**RECORDED DATA**
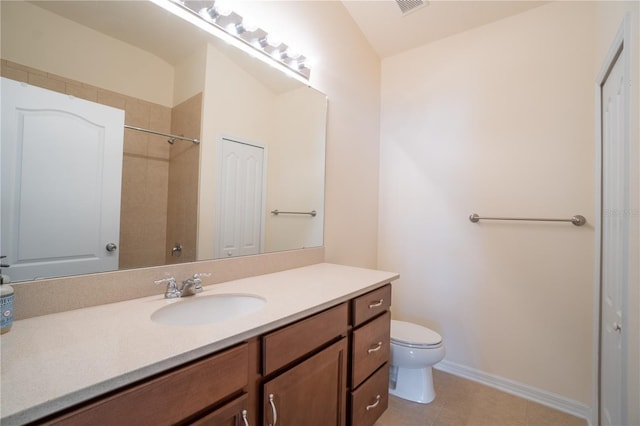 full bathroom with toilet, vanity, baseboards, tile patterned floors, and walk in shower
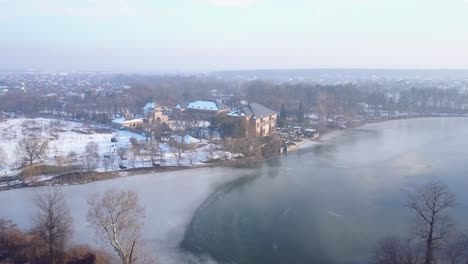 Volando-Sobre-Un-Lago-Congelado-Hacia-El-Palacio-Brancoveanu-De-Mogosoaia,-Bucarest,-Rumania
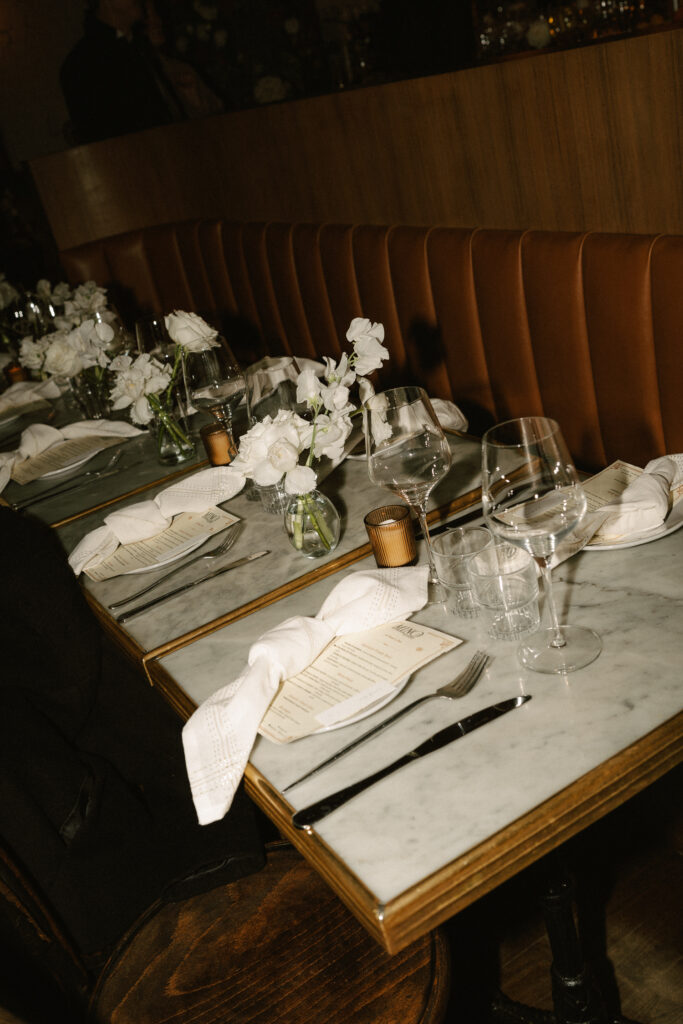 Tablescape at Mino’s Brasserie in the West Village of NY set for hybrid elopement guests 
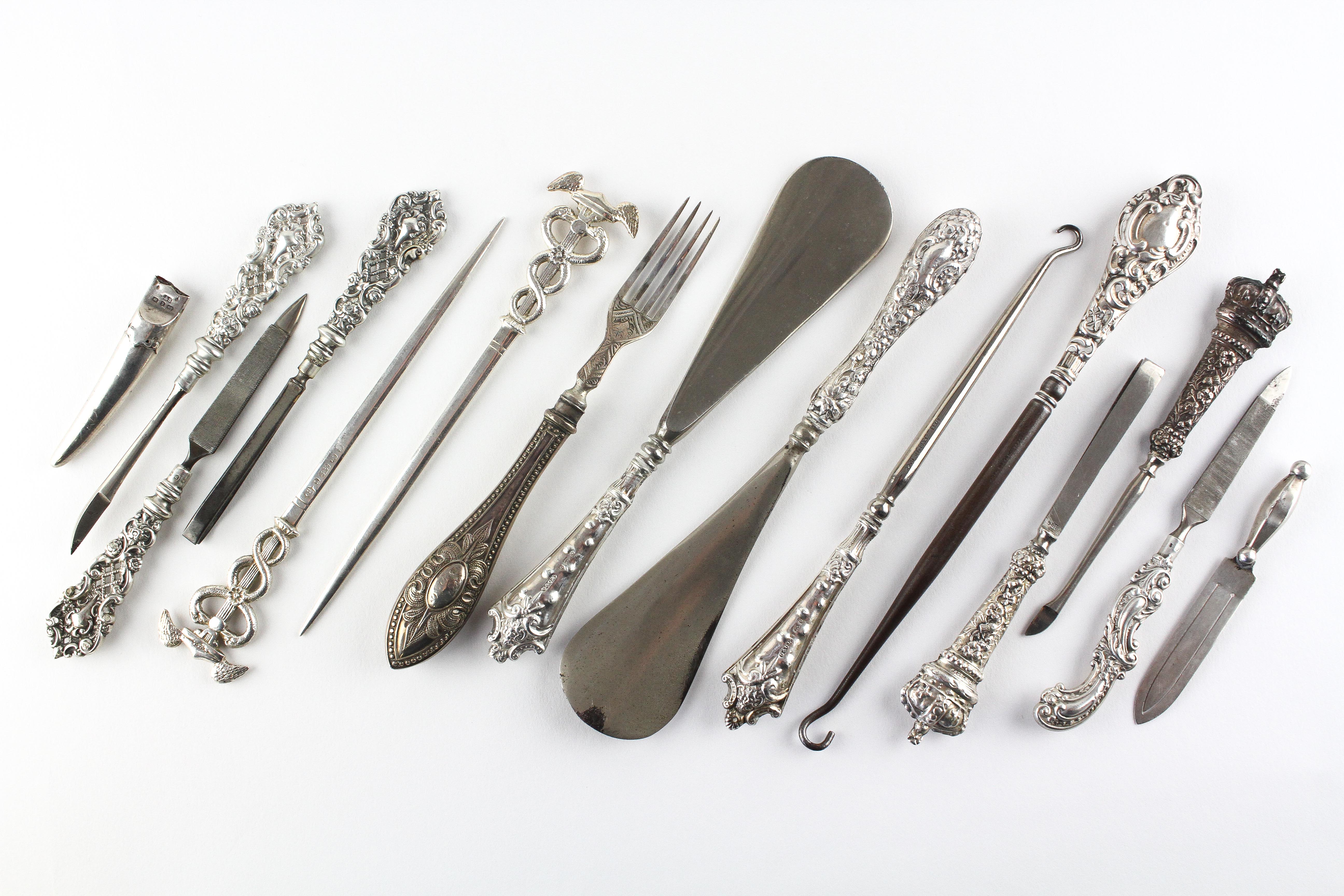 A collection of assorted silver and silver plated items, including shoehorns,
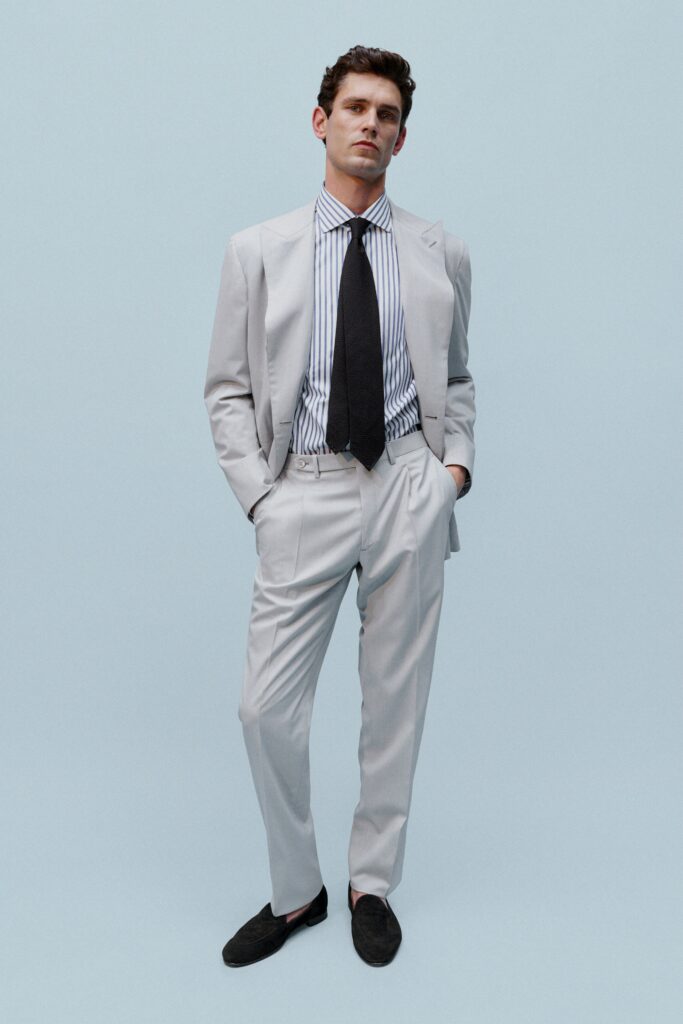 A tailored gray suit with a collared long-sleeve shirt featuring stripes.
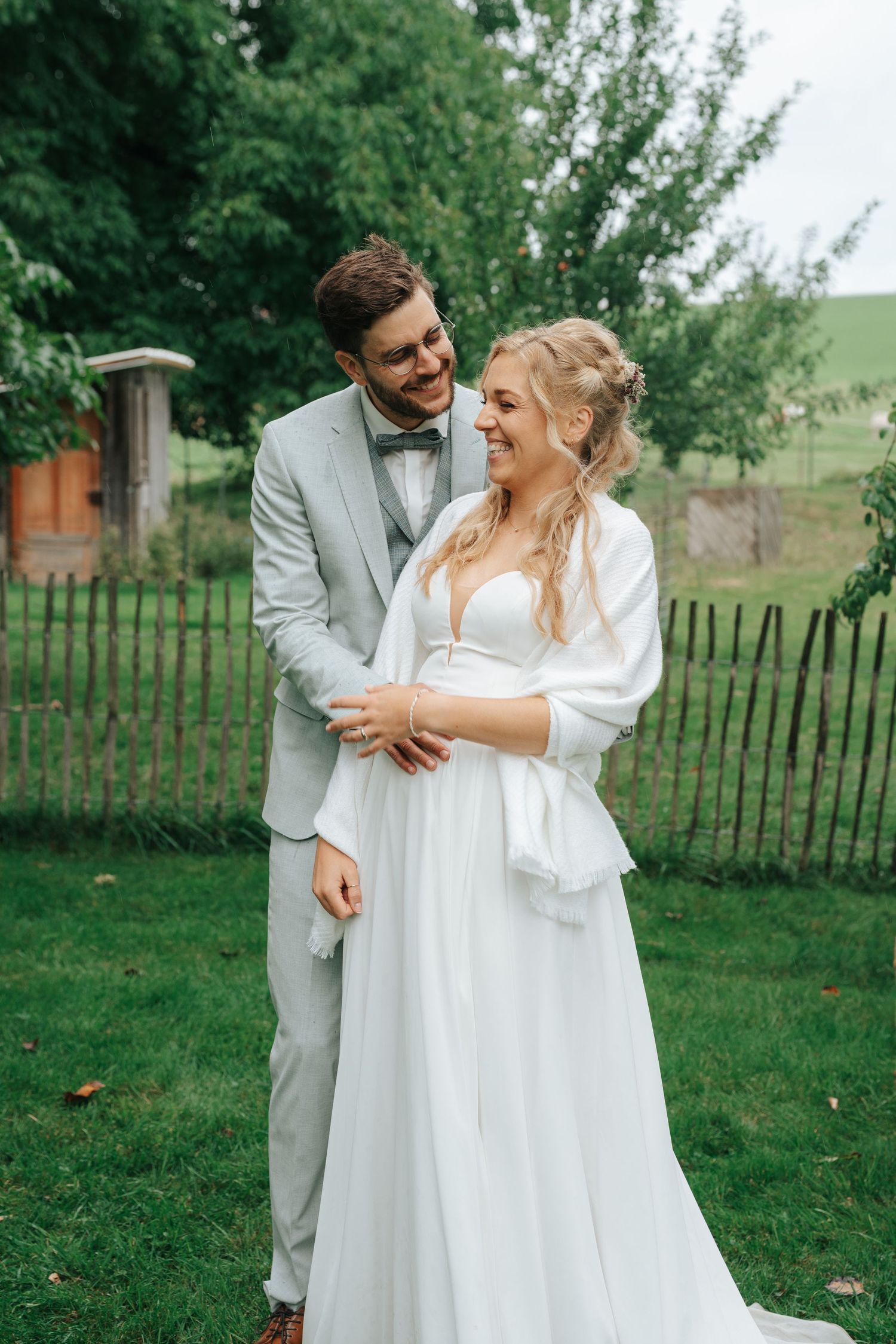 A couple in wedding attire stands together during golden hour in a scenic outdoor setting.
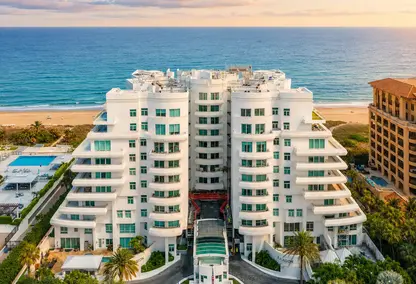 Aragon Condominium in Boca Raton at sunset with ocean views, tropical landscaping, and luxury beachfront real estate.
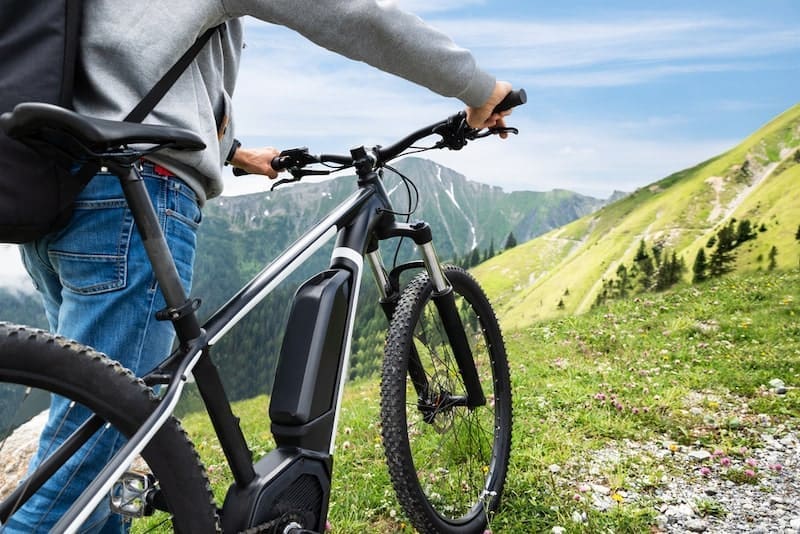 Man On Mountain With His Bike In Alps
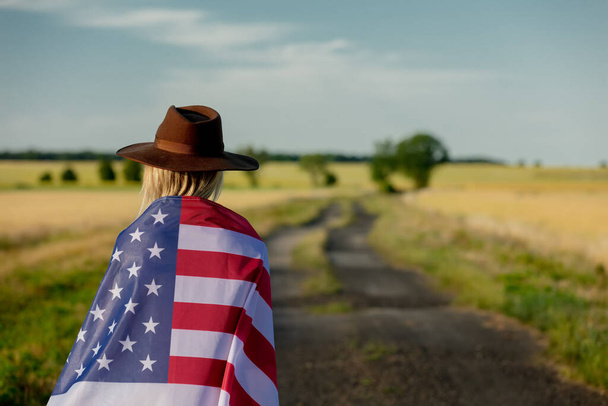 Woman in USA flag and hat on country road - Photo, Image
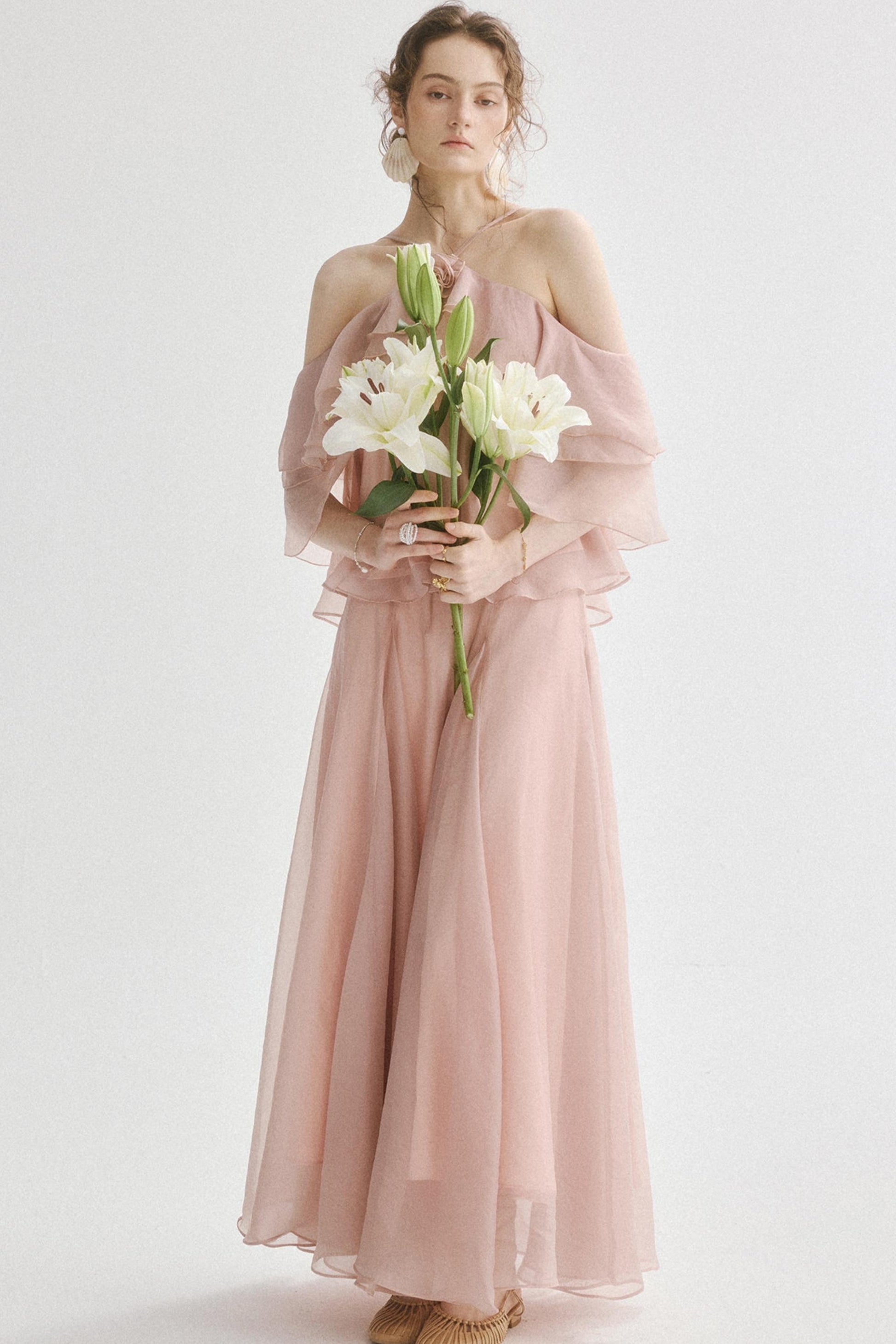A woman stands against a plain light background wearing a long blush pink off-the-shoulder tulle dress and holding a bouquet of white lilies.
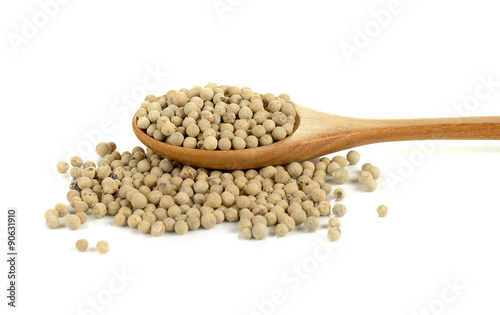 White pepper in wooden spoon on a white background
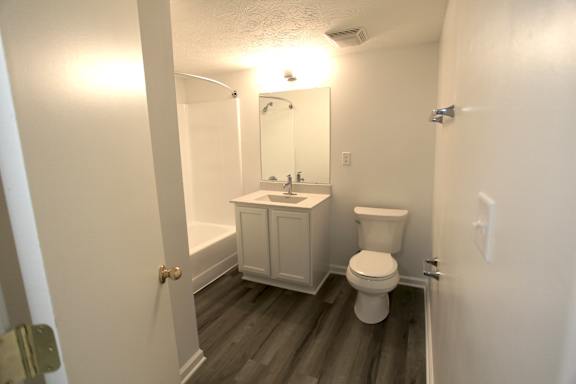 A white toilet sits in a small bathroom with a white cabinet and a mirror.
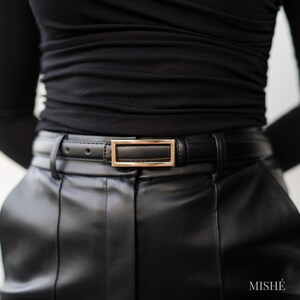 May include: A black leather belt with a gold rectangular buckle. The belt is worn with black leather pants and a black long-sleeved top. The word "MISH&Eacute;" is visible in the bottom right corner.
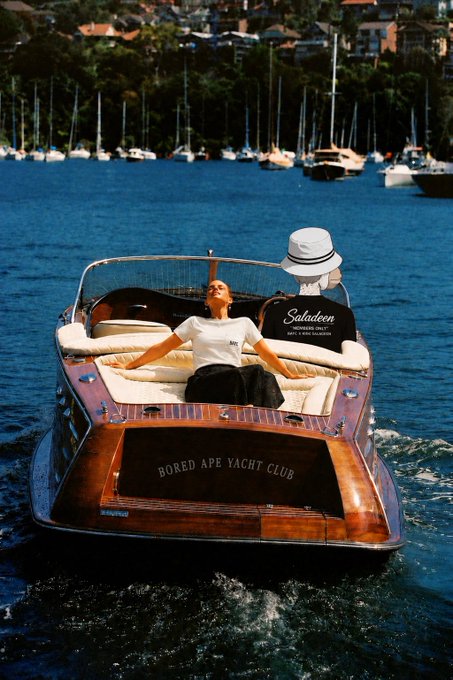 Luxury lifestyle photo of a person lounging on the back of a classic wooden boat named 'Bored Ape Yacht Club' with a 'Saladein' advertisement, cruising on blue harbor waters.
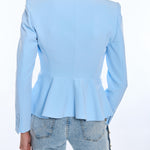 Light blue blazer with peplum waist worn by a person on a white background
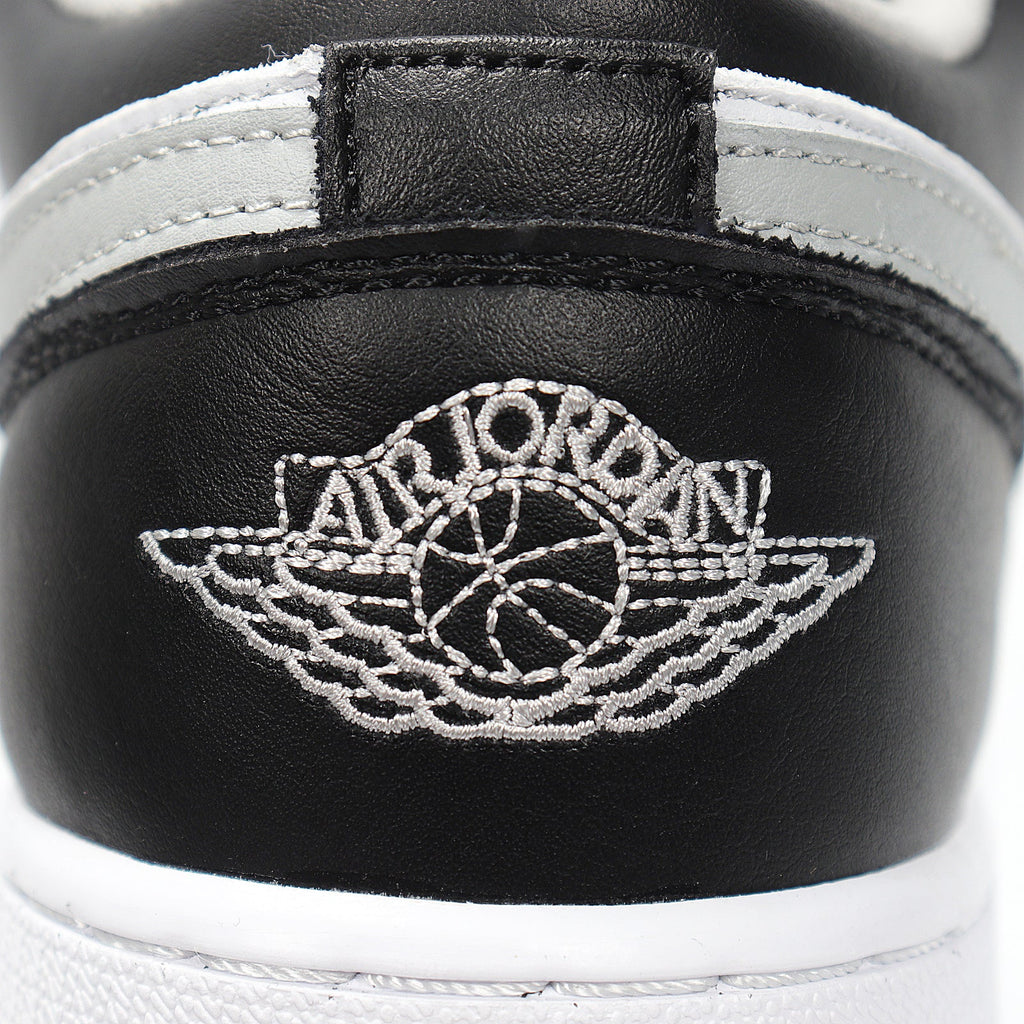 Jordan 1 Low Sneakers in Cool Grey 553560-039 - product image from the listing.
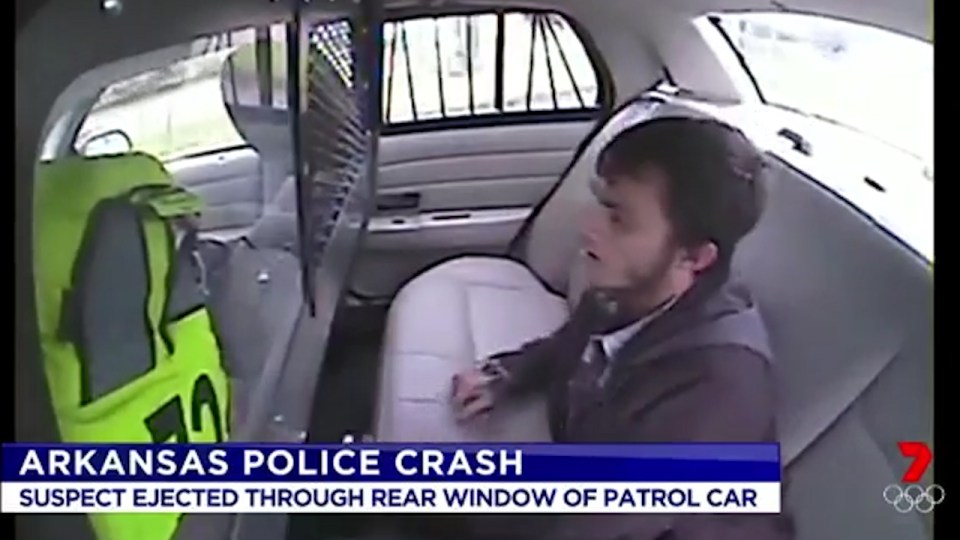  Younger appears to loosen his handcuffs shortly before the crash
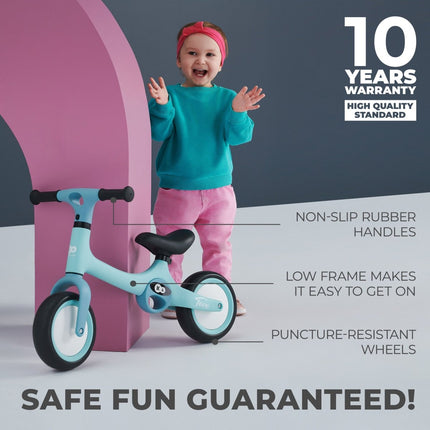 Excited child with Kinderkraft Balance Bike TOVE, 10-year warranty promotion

**REQUIRED WORK**
Return the lines from the one containing "Luxury lifestyle photo" through the last line of the records, both included, exactly as written and with no pictures.

**RESULT OF THE EXERCISE**
 Luxury lifestyle photo of a person lounging on the back of a classic wooden boat named 'Bored Ape Yacht Club' with a 'Saladein' advertisement, cruising on blue harbor waters.
 Light blue blazer with peplum waist worn by a person on a white background
 Jordan 1 Low Sneakers in Cool Grey 553560-039 - product image from the listing.
  Younger appears to loosen his handcuffs shortly before the crash
 Excited child with Kinderkraft Balance Bike TOVE, 10-year warranty promotion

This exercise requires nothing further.